I\'m new to multithreading and im trying to implement a simple thread safe queue of tasks where each thread can pull work from until there\'s no more tasks left. No queuing of t
I found a few more bugs.
I've annotated your code. I took a bit from your first posting and your second. I've fixed the code, showing before and after [please pardon the gratuitous style cleanup]:
#include <stdio.h>
#include <pthread.h>
#include <malloc.h>
static pthread_mutex_t task_mutex = PTHREAD_MUTEX_INITIALIZER;
typedef struct Task {
int number;
} Task;
typedef struct Cell {
// NOTE/BUG: this should be a pointer to the task. otherwise, dequeue gets
// messy
#if 0
Task t;
#else
Task *t;
#endif
struct Cell *next;
} Cell;
typedef struct TQueue {
struct Cell *head;
struct Cell *tail;
} TQueue;
void
startQueue(TQueue *queue)
{
#if 0
queue->head = malloc(sizeof(Cell));
#else
queue->head = NULL;
#endif
queue->tail = NULL;
}
int
empty(TQueue *queue)
{
// NOTE/BUG: dequeue never touches tail, so this test is incorrect
#if 0
return (queue->head == queue->tail);
#else
return (queue->head == NULL);
#endif
}
void
enqueue(TQueue *queue, Task *t)
{
Cell *p;
pthread_mutex_lock(&task_mutex);
p = malloc(sizeof(Cell));
p->next = NULL;
p->t = t;
if (queue->tail == NULL) {
queue->tail = p;
queue->head = p;
}
else {
queue->tail->next = p;
queue->tail = p;
}
pthread_mutex_unlock(&task_mutex);
}
Task *
dequeue(TQueue *queue)
{
Task *t;
pthread_mutex_lock(&task_mutex);
if (empty(queue))
t = NULL;
else {
Cell *p = queue->head;
if (p == queue->tail)
queue->tail = NULL;
queue->head = p->next;
// NOTE/BUG: this is setting t to the second element in the list,
// not the first
// NOTE/BUG: this is also undefined behavior, in original code (with
// original struct definition), because what t points to _does_ get
// freed before return
#if 0
t = &queue->head->t;
#else
t = p->t;
#endif
free(p);
}
pthread_mutex_unlock(&task_mutex);
return t;
}
void *
work(void *arg)
{
TQueue *queue = (TQueue *) arg;
// NOTE/BUG: this gets orphaned on the first call to dequeue
#if 0
Task *t = malloc(sizeof(Task));
#else
Task *t;
#endif
for (t = dequeue(queue); t != NULL; t = dequeue(queue))
printf("%d ", t->number);
// NOTE/BUG: this frees some cell allocated in main -- not what we want
#if 0
free(t);
#endif
pthread_exit(NULL);
return 0;
}
// For a simple test i runned this on main:
int
main()
{
TQueue *queue = malloc(sizeof(TQueue));
startQueue(queue);
pthread_t threads[3];
Task t[3];
for (int i = 0; i < 3; i++) {
t[i].number = i + 1;
#if 0
enqueue(queue, t);
#else
enqueue(queue, &t[i]);
#endif
}
for (int i = 0; i < 3; i++)
pthread_create(&threads[i], NULL, work, (void *) queue);
for (int i = 0; i < 3; i++)
pthread_join(threads[i], NULL);
return 0;
}
UPDATE:
Are the threads executing the tasks concurrently ? I've been testing the cpu usage with htop and i can only max the usage of a single core out of four.

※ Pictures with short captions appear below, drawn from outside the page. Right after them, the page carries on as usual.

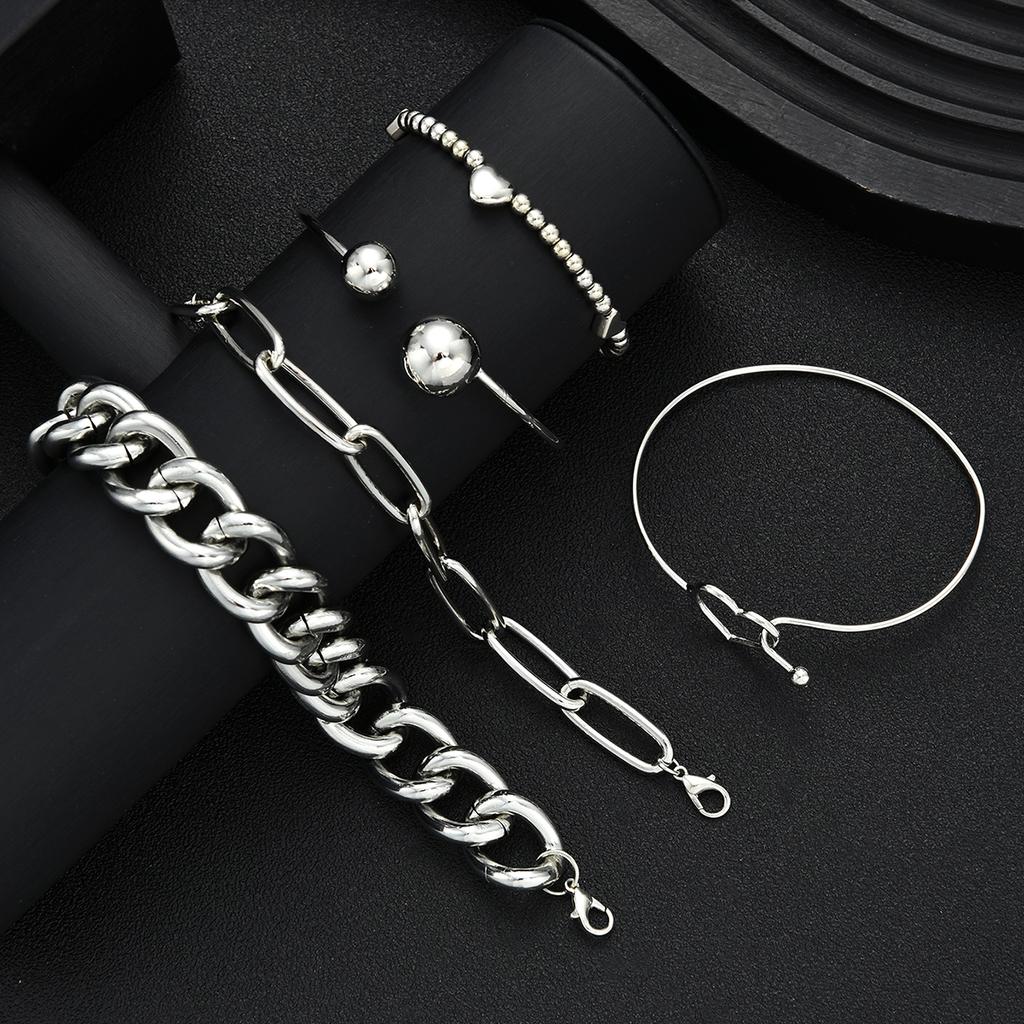5pcs Vintage Exaggerated Minimalist Heart Bracelet Set Boho Chunky Silver Color Thick Chain Bead Bracelets For Women Jewelry New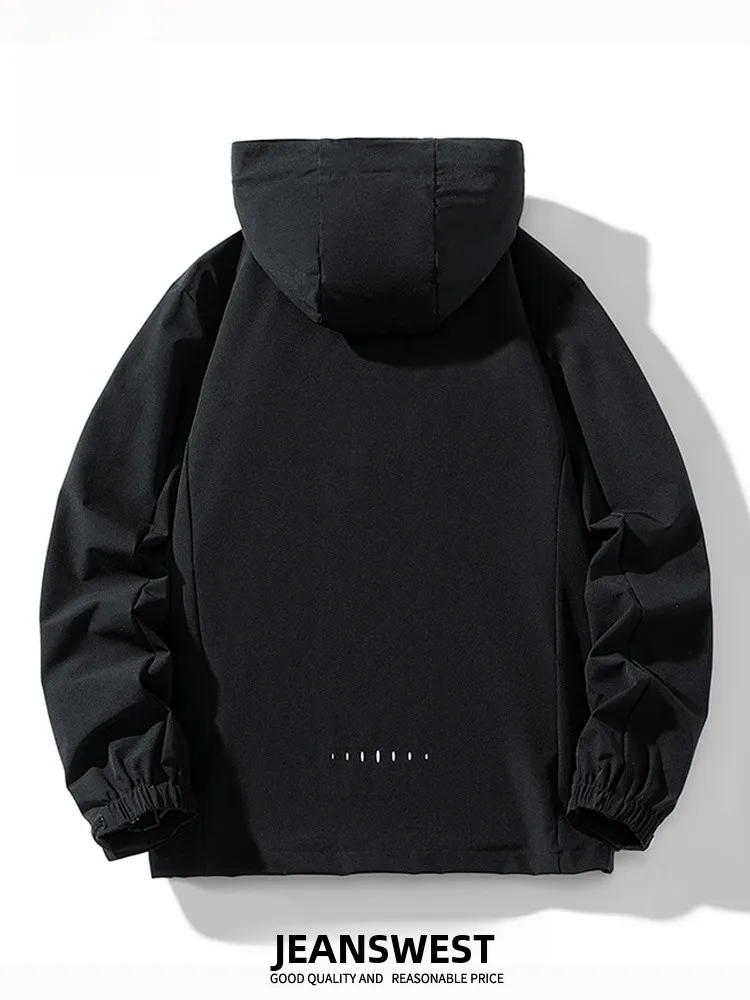 

Jeanswest Мужская куртка с капюшоном, весенне-осенняя уличная повседневная модная студенческая куртка из полиэфирного волокна, свободная посадка, чистая электронная коммерция
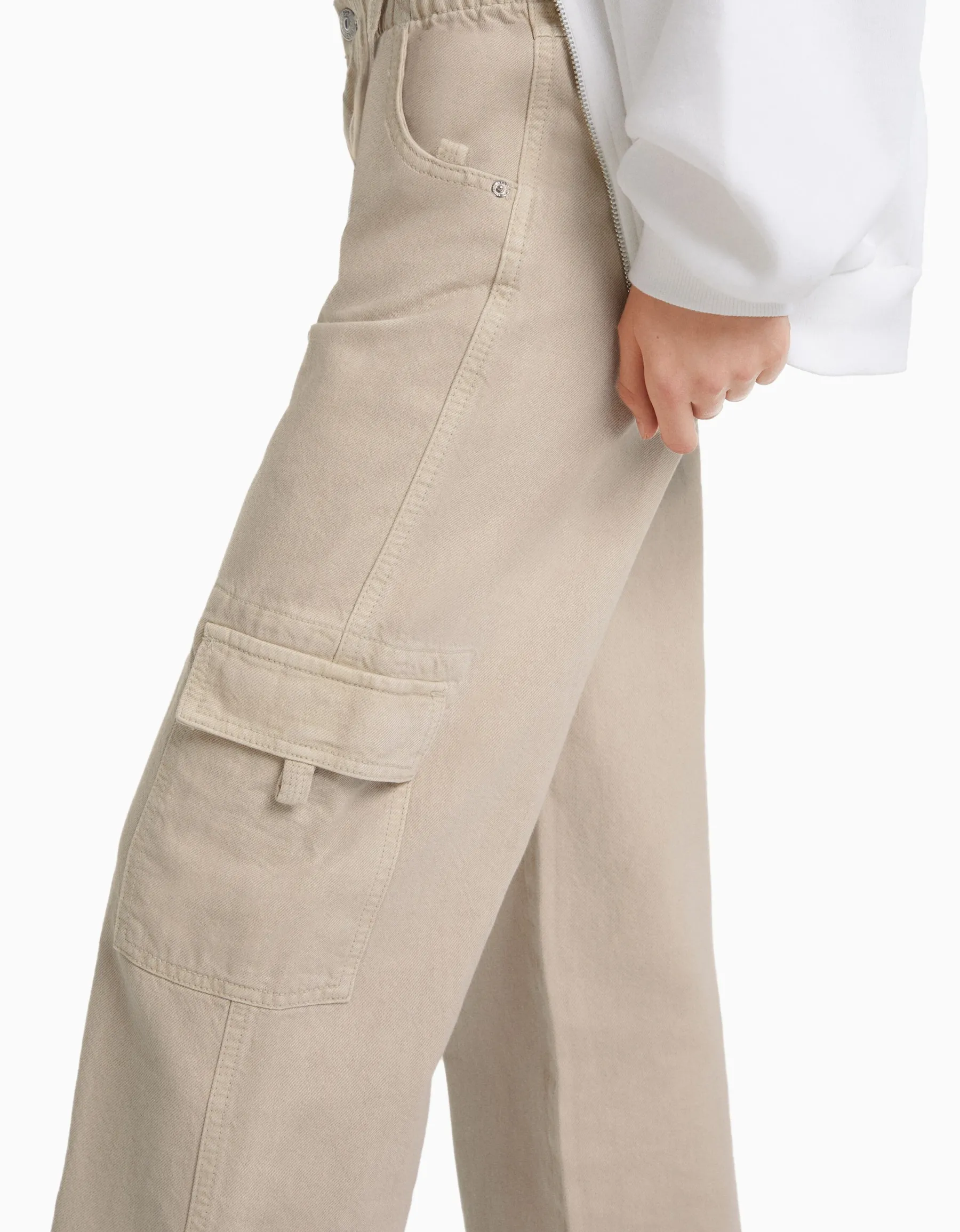 BERSHKA Pantalon straight cargo sergé taille élastique Bleu clair Sale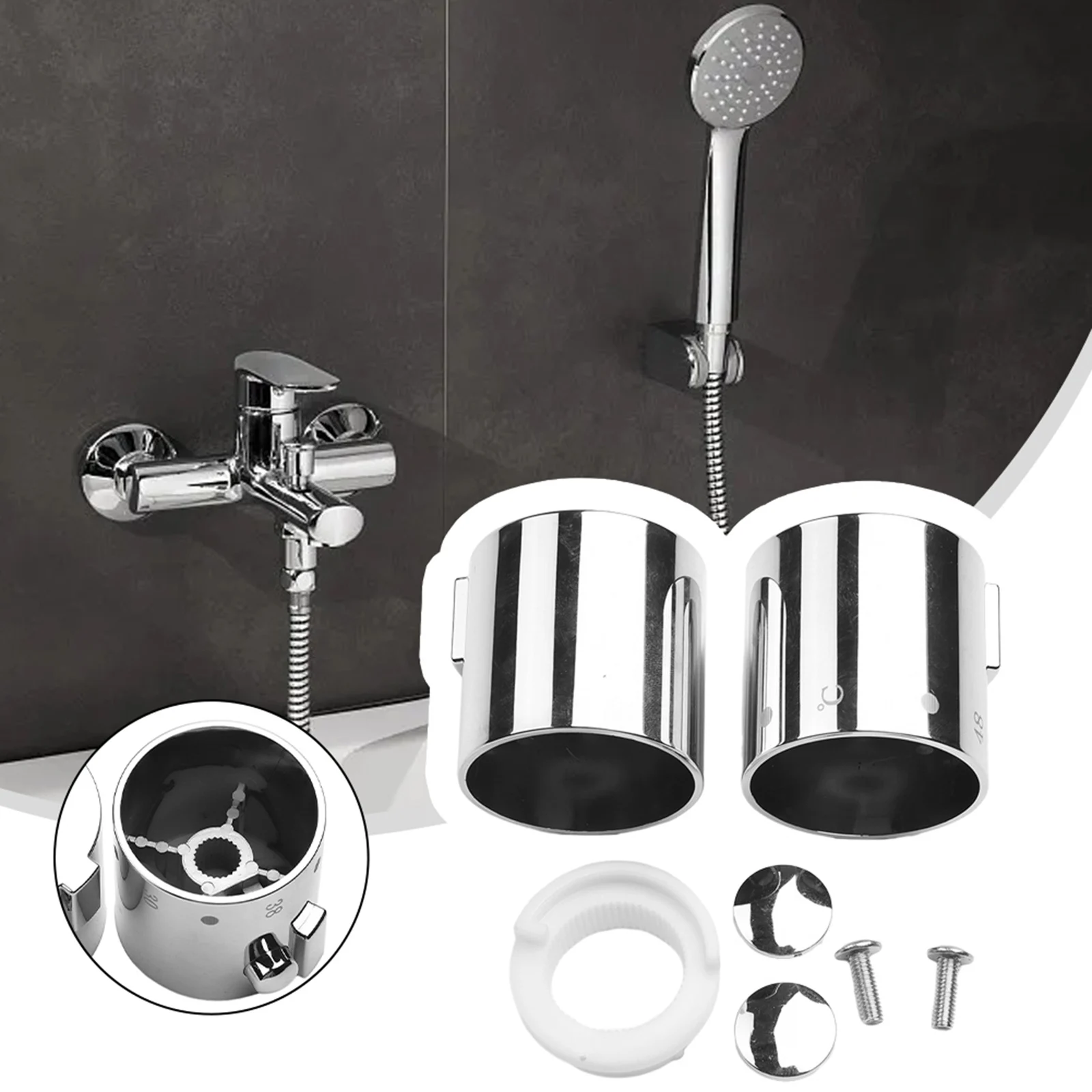 

Temperature Control Knob Handles For SMA Thermostatic Mirror Stop Ring 1pair 42.5mm Control Handle High Quality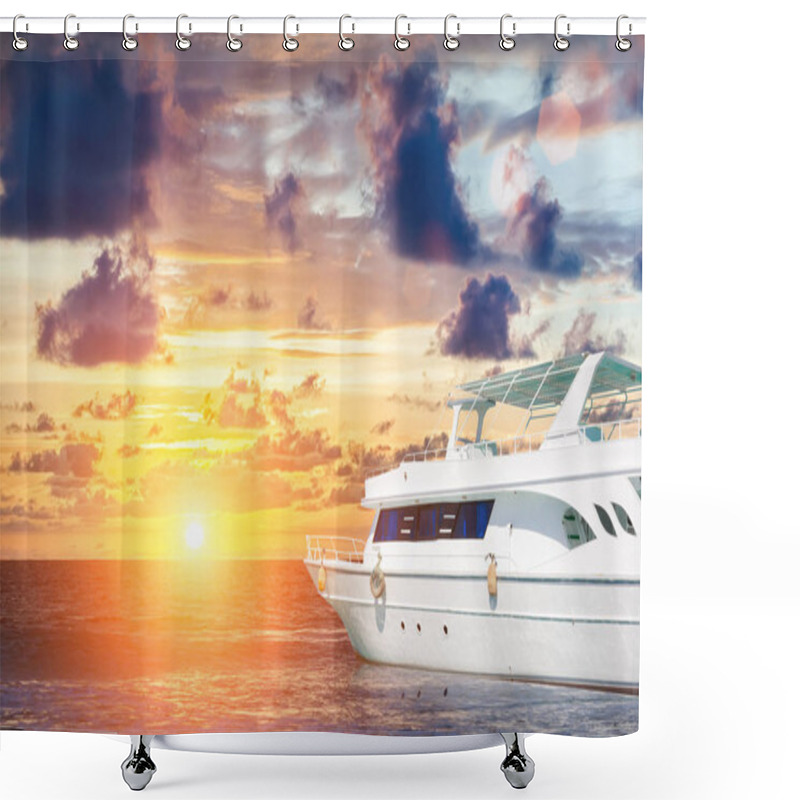 Personality  White Yatch In Beautiful Sea At Sunset Shower Curtains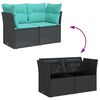 vidaXL Garden Sofa with Cushions 2-Seater Black Poly Rattan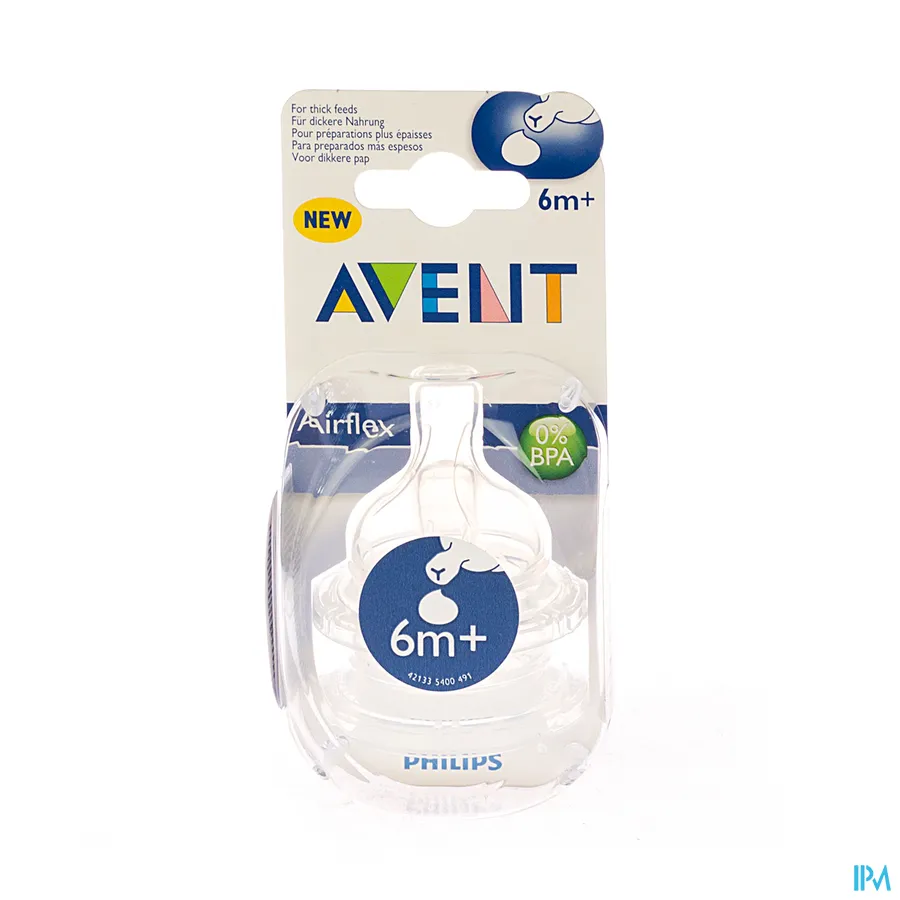 packshot van Avent speen dikkere pap silicone 2 stuks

A few things to keep in mind. htop
probably won't show much on programs that have such a short running time. Even with 10,000 queue entries this program executes in 20ms.
It's better to have the program itself print the information [see below]. Note that printf
does thread locking on stdin
so it may contribute to the "serial" nature of the program. It also contributes a significant amount to the execution time of the program (i.e. the printf
is much slower than the dequeue
)
Also, one thread (i.e. the first one) could monopolize the queue and drain all entries before the others have a chance to run.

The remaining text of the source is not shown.